GPU-based implementations of several typical swarm intelligence algorithms such as PSO, FWA, GA, DE, and ACO are presented and having described the implementation details including parallel models, implementation considerations as well as performance metrics are discussed. Finally, several typical applications of GPU-based swarm intelligence algorithms are presented. This valuable reference book provides a unique perspective not possible by studying either GPGPU or swarm intelligence alone.

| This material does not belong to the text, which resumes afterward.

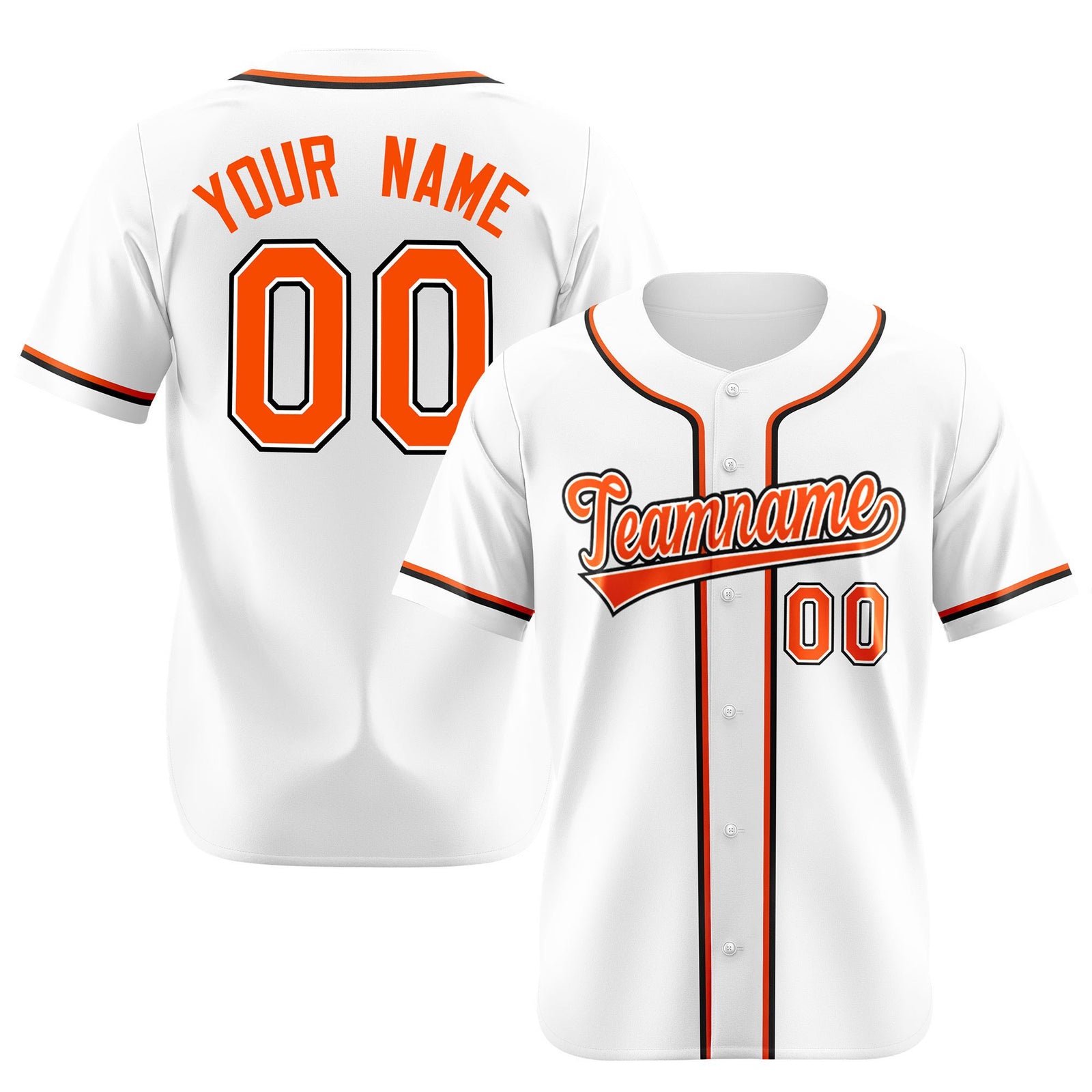 Custom White Orange Black Authentic Baseball Jersey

This book gives a complete and whole picture for interested readers and new comers who will find many implementation algorithms in the book suitable for immediate use in their projects. Additionally, some algorithms can also be used as a starting point for further research.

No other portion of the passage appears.